# Planted Tanks > Plant Talk >  Sharing some of the Echinodorus variants

## alvinchan80

Hi all... Just some photos to show some of these nice Echinodorus plants which I have been keeping for awhile...

They are mostly slow growers and due to their deep colors of their leaves, they are also called 'Deep Green' in Chinese &amp; the variants which I have are the Opacus &amp; Satan species..


Echinodorus Opacus Rataj


Echinodorus Opacus Verde


Echinodorus sp Satan 'Dream 1995'


Echinodorus sp Satan 'T2000'


Echinodorus sp Satan 'Hope light' (in Chinese)

Hope you guys enjoy and feel free to share more of these pretty echinodorus plants in this thread..

----------


## deone

A very nice plant which I got from Alvin here  :Smile: 



The shrimps loves to chill out near the plant, you have to see them with your real eyes to know that they are pretty!

Anyways this is the verde

----------


## alvinchan80

Here are more photos to show of the plants with some shrimps...







Enjoy....  :Smile:

----------


## Quinn

Nice plants you have there.

----------


## alvinchan80

> Nice plants you have there.


Thanks bro Quinn..  :Smile:

----------


## Jianyuan

Test test, this is my Echinodorus Opacus Verde. Taken with phone camera, thus the image doesnt really account for the beauty of this plant.

----------


## alvinchan80

> Test test, this is my Echinodorus Opacus Verde. Taken with phone camera, thus the image doesnt really account for the beauty of this plant.


Photo too small bro... Hahahaha.. Good try though....

----------


## alvinchan80

Some more of my Echinodorus to share..

Echinodorus 'Santa Maria 2005'


Echinodorus sp Satan 'Dream 2003'

----------


## fhan

Kindly ask if these same plant as below posted?

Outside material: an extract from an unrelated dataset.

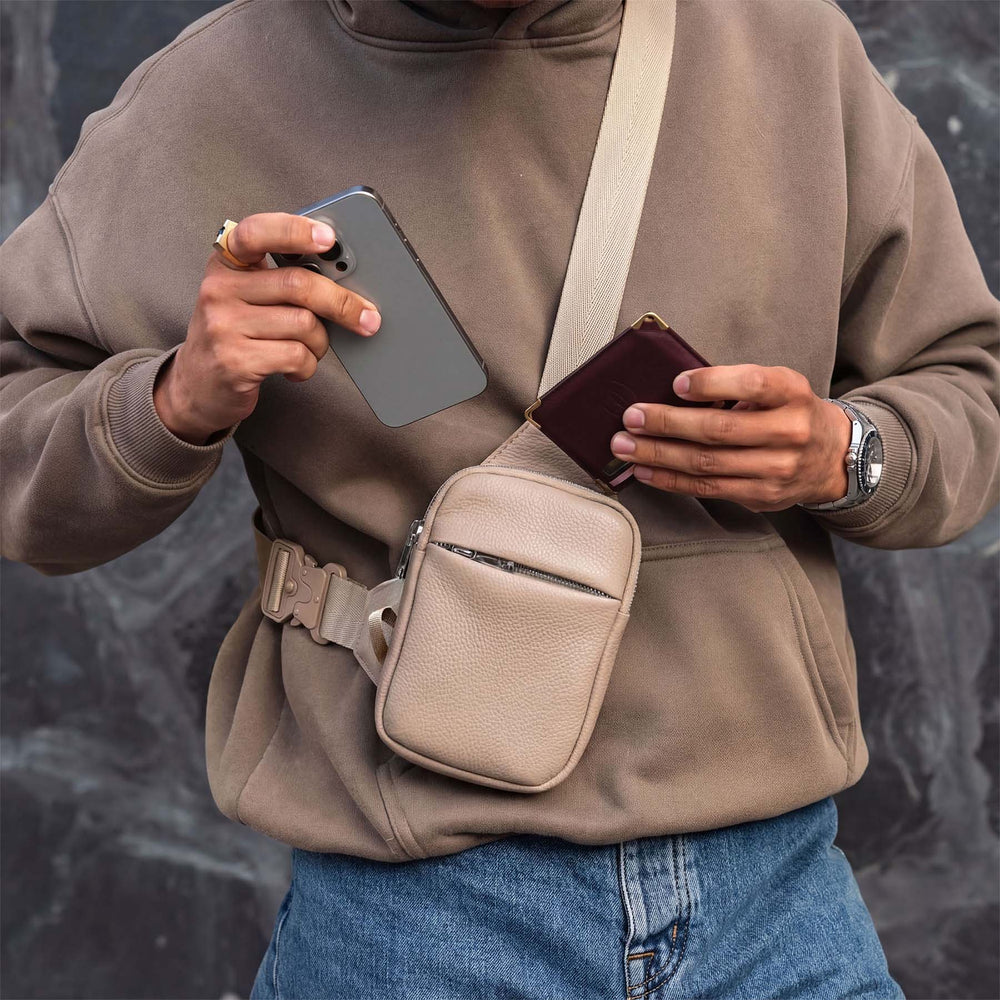 Men's Pebble-Grain Anti-Theft Sling Bag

http://www.aquaticquotient.com/forum...614#post626614

----------


## deone

> Kindly ask if these same plant as below posted?
> 
> http://www.aquaticquotient.com/forum...614#post626614


Those look rather big. The ones I got from bro Alvin looks something like them. Have to wait for his reply to confirm heh.
For those who wants to know more about this plant, you can check it out at this blog which i've gotten from the above bro who posted the link.
http://aquabiota.wordpress.com/
He gives a quite detail explanation on this plant.

----------


## alvinchan80

> Kindly ask if these same plant as below posted?
> 
> http://www.aquaticquotient.com/forum...614#post626614


Hi bro fhan, its the same species but different variant... Based on Opacus 'Goncalo', that species should be quite big upon maturity.. Leaves, rate of growth, parameter, are all quite similar.. What i have are mainly the smaller variants which are more suitable for shrimp tanks or tanks that doesnt really exceed 2feet... But of cause, they are extremely slow grower with a huge network of roots... For bros who have seen or gotten these plants from me, they will know that the roots of these plants are somewhat scary long... hahahaha...

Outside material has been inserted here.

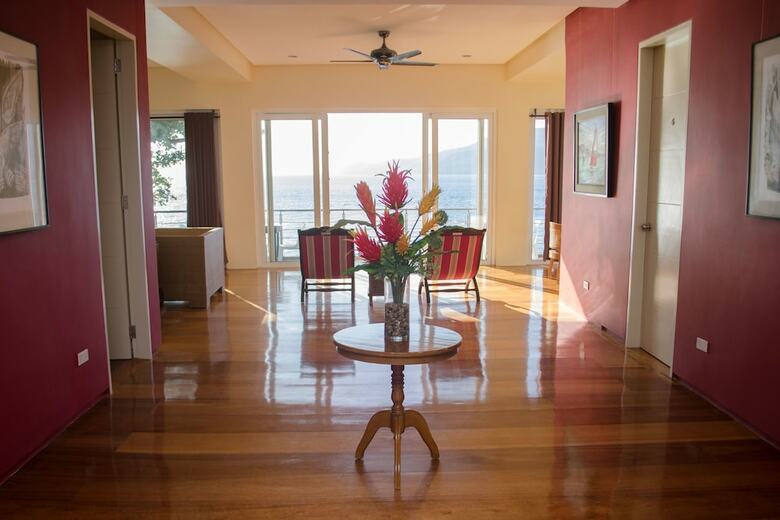 Hotel Paradiso Rito Waterfront Oasis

> Those look rather big. The ones I got from bro Alvin looks something like them. Have to wait for his reply to confirm heh.
> For those who wants to know more about this plant, you can check it out at this blog which i've gotten from the above bro who posted the link.
> http://aquabiota.wordpress.com/
> He gives a quite detail explanation on this plant.


Thanks bro deone for replying.. hahaha... its a different variant... when want to see my sp Satan 2003?
hahahahaha..

----------


## fhan

Nice plants bro Alvin,

This site give idea year and location they (mother plant) were collected;

http://www.rva.jp/plants/echinodorus/index.html

----------


## fhan

wow so many opacus;

http://www.youtube.com/watch?v=K2GFj...eature=related

----------


## fhan

This below earlier posted should be the Satan right?

Saturn = Satan?

http://www.aquaticquotient.com/forum...873#post632873

----------


## alvinchan80

> This below earlier posted should be the Satan right?
> 
> Saturn = Satan?
> 
> http://www.aquaticquotient.com/forum...873#post632873


Yes bro fhan... This should be the Satan variant from echinodorus family...

By the way, thanks for the link.. Very helpful to everyone...  :Smile:

----------


## fhan

Thank you also, 

Truly superb plants you have there,

----------


## alvinchan80

Would hope that more Echinodorus keepers share their photos whatever is the species or variants.. More to learn about these plants...

I use to have Ozelot Red... But finally decided to plant Opacus &amp; Satan instead...

----------


## alvinchan80

Here is another variants to share:

Echinodorus Opacus '2000'
(right behind is Echinodorus 'Santa Maria 2005'

----------


## barmby

oh man! who else still playing echinodorus

----------


## alvinchan80

> oh man! who else still playing echinodorus


Barmby also Echinodorus keeper?

----------


## barmby

I used to keep red flame : ) massive centre piece

----------


## alvinchan80

> I used to keep red flame : ) massive centre piece


Red flame if matured and healthy is really a very very nice centre piece... I think most echinodorus are 'centre of attraction'... 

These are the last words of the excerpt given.